*Required work*. Leave every picture out and print exactly the lines that run from the one containing "All Photos for" to the end of the listing.

══ Dataset extract

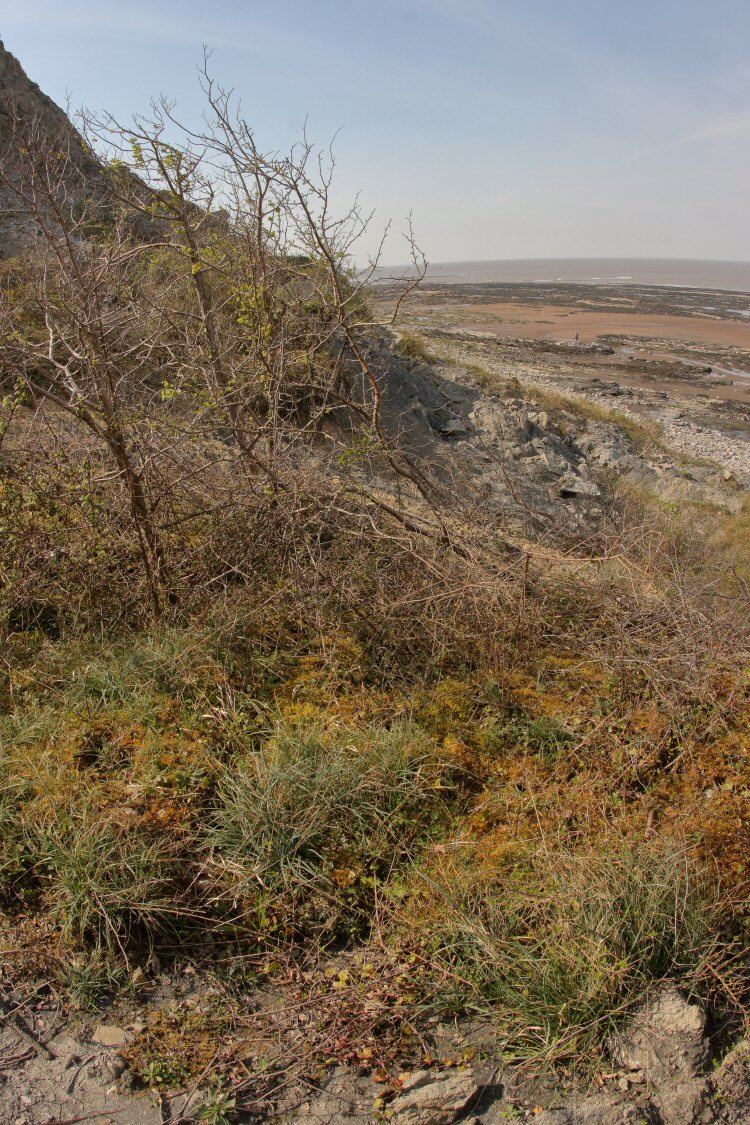 habitat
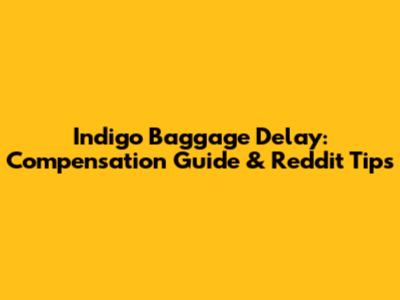 Indigo Baggage Delay: Compensation Guide & Reddit Tips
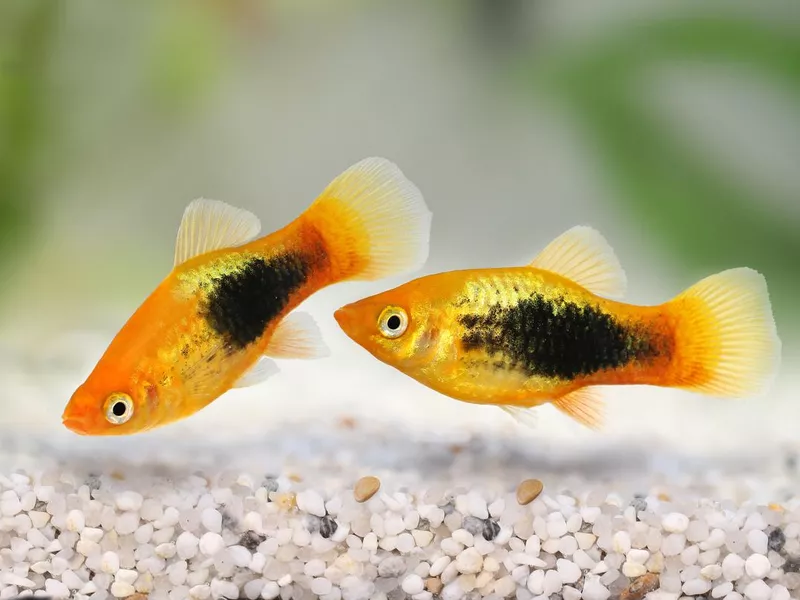 Platy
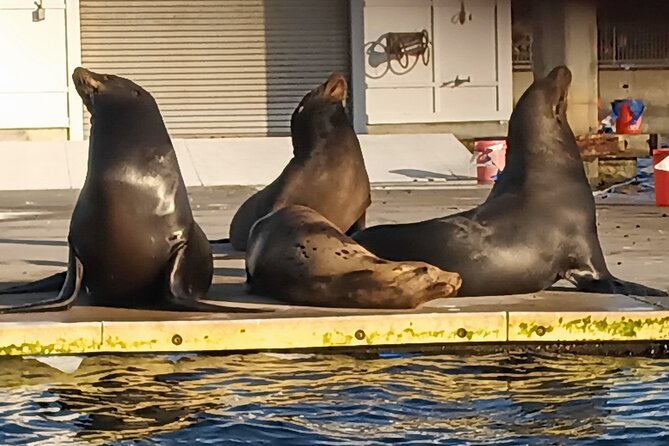 Romantic Luxury Boat Cruise with Wine Cheese Sea LionTours - Wildlife on the Cruise: Sea Lions, Ocean Life, and Photo Moments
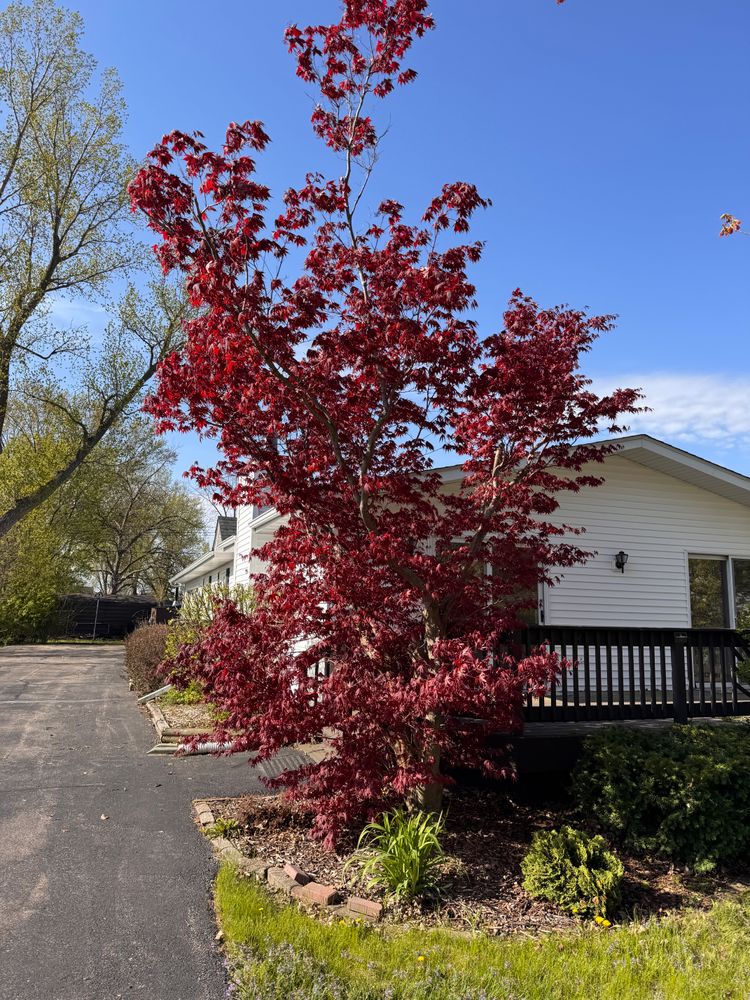 All Photos for H&L Lawn Care LLC in Twin Lakes, WI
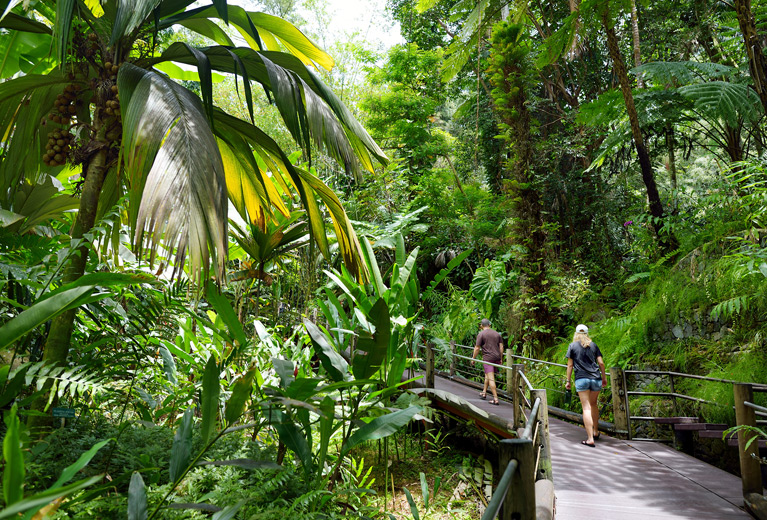 Botanical garden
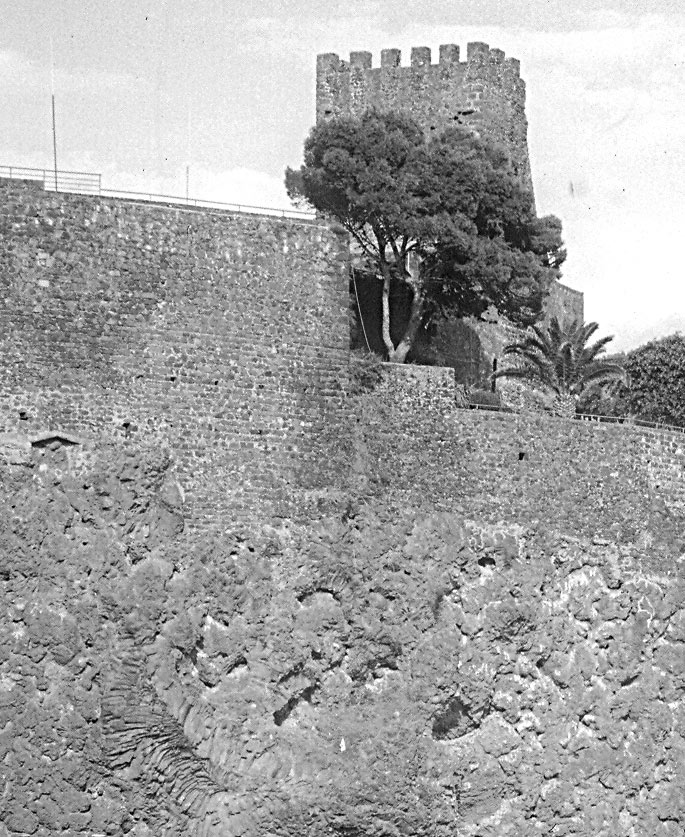 crop2-4x5.jpg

════

*Answer space*.
 All Photos for H&L Lawn Care LLC in Twin Lakes, WI
 Botanical garden
 crop2-4x5.jpg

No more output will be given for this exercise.